Protezione civile, concorso della Regione bocciato dal Tar

Bandito per assumere manager nonostante esistessero due graduatorie di concorsi precedenti non ancora esaurite. Accolto il ricorso di un’esclusa. Il provvedimento cade come una tegola su un settore molto delicato per la gestione delle alluvioni

di Aldo Balzanelli, condirettore cB


Bocciato dal Tar un concorso della Regione per manager della protezione civile, un provvedimento che cade come una tegola su un settore in prima fila per la gestione dell’emergenza alluvioni. Un pasticcio burocratico nato dalla mancata assunzione di un’ingegnera che, per far valere i suoi diritti, ha deciso di ricorrere al Tribunale amministrativo regionale che le ha dato ragione.

La Regione aveva deciso, inspiegabilmente, di indire un nuovo concorso per assumere alcuni dirigenti nonostante esistessero due graduatorie risultato di altrettanti concorsi analoghi che non erano ancora state utilizzate interamente. Secondo il Tar si è trattato di una scorrettezza e per questo il concorso è stato annullato. In sostanza l’assunzione di alcuni nuovi dirigenti regionali è stata fatta attraverso un nuovo concorso quando, in realtà, per le stesse professionalità esisteva già una graduatoria di due selezioni ancora valide. Graduatorie utilizzate in passato, ma scavalcate senza motivazioni convincenti quando era il momento di assumere l’ingegnera che ha fatto ricorso. Da qui la decisione di rivolgersi al Tar, con l’assistenza dell’avvocata Lucia Annicchiarico, che le ha dato ragione, azzerando tutto.

È vero che la decisione del Tribunale amministrativo è “cautelare”, ma le motivazioni lasciano trasparire un orientamento abbastanza chiaro.

«A un sommario esame – scrive il Tar – (risulta) che il ricorso sia assistito da una prognosi favorevole di fondatezza, in quanto lo scorrimento delle graduatorie esistenti costituisce la via ordinaria per l’assunzione di nuovo personale (…) Nel caso di specie, la scelta di indire un nuovo concorso, in luogo dello scorrimento delle graduatorie vigenti, risulta del tutto priva di motivazione; (…) la nuova procedura selettiva e quelle precedenti sono sovrapponibili, avuto riguardo ai titoli di studio necessari per l’accesso e al campo delle cognizioni specifiche richieste al candidato, come del resto dimostra la circostanza che gli idonei delle due graduatorie esistenti sono stati destinati allo specifico Settore (la Protezione civile) per il quale è stato indetto il nuovo concorso». Cioè non si comprende perché sia stato bandito un nuovo concorso con caratteristiche sostanzialmente identiche a quelli precedenti, quando esistevano ancora delle posizioni disponibili.
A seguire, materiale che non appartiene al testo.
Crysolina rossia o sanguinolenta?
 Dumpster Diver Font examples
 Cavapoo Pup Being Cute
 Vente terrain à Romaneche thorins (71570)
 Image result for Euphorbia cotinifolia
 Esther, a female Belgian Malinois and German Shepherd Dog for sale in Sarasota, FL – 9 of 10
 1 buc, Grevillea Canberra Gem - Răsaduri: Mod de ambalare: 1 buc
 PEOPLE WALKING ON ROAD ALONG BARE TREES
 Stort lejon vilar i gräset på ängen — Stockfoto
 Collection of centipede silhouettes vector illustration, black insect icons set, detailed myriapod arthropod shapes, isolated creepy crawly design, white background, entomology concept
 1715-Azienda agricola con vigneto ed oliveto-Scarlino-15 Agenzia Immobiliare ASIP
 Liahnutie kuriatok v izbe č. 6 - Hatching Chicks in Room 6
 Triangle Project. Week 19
Un bel pasticcio insomma. La Regione ha cercato di far valere le sue ragioni, ma senza successo. In particolare il legale di viale Aldo Moro ha sostenuto che il nuovo concorso era necessario perché le professionalità richieste erano differenti da quelle dei concorsi precedenti, alla luce delle nuove esigenze di Protezione civile legate all’emergenza alluvione.

Ora il Tar, dopo aver concesso la sospensiva, dovrà decidere nel merito in un’udienza fissata per il prossimo dicembre. Fino ad allora però tutto è congelato, a meno che la Regione non decida di tornare sui suoi passi assumendo l’ingegnera.